Synchronizes Pangolin lineage data from a lineage file (URL, local, or GCS) into the VirusSeq SONG repository.
Pedigree runs in two phases:
- UPDATECACHE - streams the lineage file into Redis, keyed by
fasta_header_name. Skips the fill if the file fingerprint matches the stored marker (content-based freshness, not time-based). - UPDATEANALYSIS - scans all SONG studies page-by-page, compares each analysis against the Redis cache, and PATCHes SONG only where the lineage differs.
Running without a profile executes both phases in sequence.
Requires Node.js v24 or higher.
npm ci
cp .env.schema .env # populate all fields
npm run dev # full pipeline (recommended)For development details, local Redis setup, and troubleshooting: see DEVELOPMENT.md.
| Variable | Type | Description |
|---|---|---|
ANALYSIS_TYPE_NAME |
String | Default consensus_sequence. SONG analysis type to target. |
API_RETRIES |
Number | Default 3. Retries when SONG requests fail. |
API_TIMEOUT |
Number | Default 10000. Response timeout for SONG requests (milliseconds). |
EGO_CLIENT_ID |
String | Ego client ID. |
EGO_CLIENT_SECRET |
String | Ego client secret. |
EGO_URL |
String | Ego API URL (include the /api path segment). |
ENABLE_DEBUG |
Boolean | Default false. Enables verbose debug logging. |
GS_BUCKET_NAME |
String | GCS bucket name (production). |
GS_FOLDER |
String | GCS folder path within the bucket (production). |
JWT_KEY |
String | Public key for JWT verification.
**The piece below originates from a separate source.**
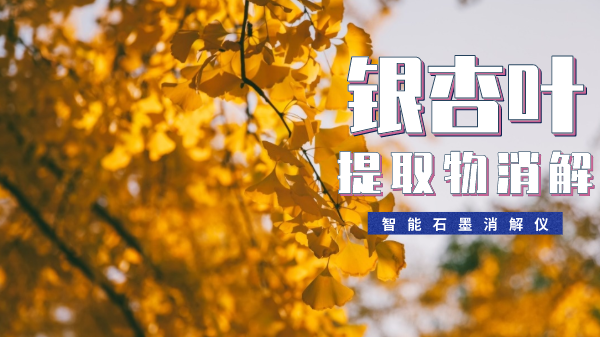 銀杏葉提取物消解最簡(jiǎn)單方法！一眼就會(huì)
Optional if JWT_KEY_URL is set. |
JWT_KEY_URL |
String | URL to fetch the public key. Optional if JWT_KEY is set. |
LINEAGE_FILE_SOURCE |
String | Optional. URL (https://...) or local path to the lineage file. When set, bypasses GCS entirely. |
NODE_ENV |
String | Optional. Runtime environment identifier. |
NOTIFICATIONS_SLACK_URL |
String | Webhook URL for Slack run notifications. |
REDIS_HOST |
String | Default localhost. Comma-separated hosts enable cluster mode (e.g. host1:6379,host2:6379). |
REDIS_PASSWORD |
String | Redis password. |
REDIS_PORT |
Number | Default 6379. Used when a host entry omits a port. |
SONG_ENDPOINT |
String | SONG API base URL. |
SONG_PATCH_CONCURRENCY |
Number | Default 5. Concurrent PATCH requests during UPDATEANALYSIS. |
TIMEZONE |
String | Default America/Toronto. Timezone for log timestamps (zoneId format). |
| Profile | Script | Description |
|---|---|---|
| (none) | npm run dev |
Full pipeline: UPDATECACHE then UPDATEANALYSIS (recommended) |
UPDATECACHE |
npm run dev:updateCache |
Fill Redis from the lineage file only |
UPDATEANALYSIS |
npm run dev:updateAnalysis |
Scan SONG and patch analyses using existing cache |
Pedigree accepts both Pangolin lineage file formats produced by the Duotang pipeline:
| File | Format | Key column |
|---|---|---|
virusseq_metadata.tsv |
Tab-separated | fasta header name |
lineage_assignments.csv |
Comma-separated | fasta_header |
Header matching is case- and separator-tolerant, so fasta_header_name, fasta_header, and fasta header name are all treated as equivalent.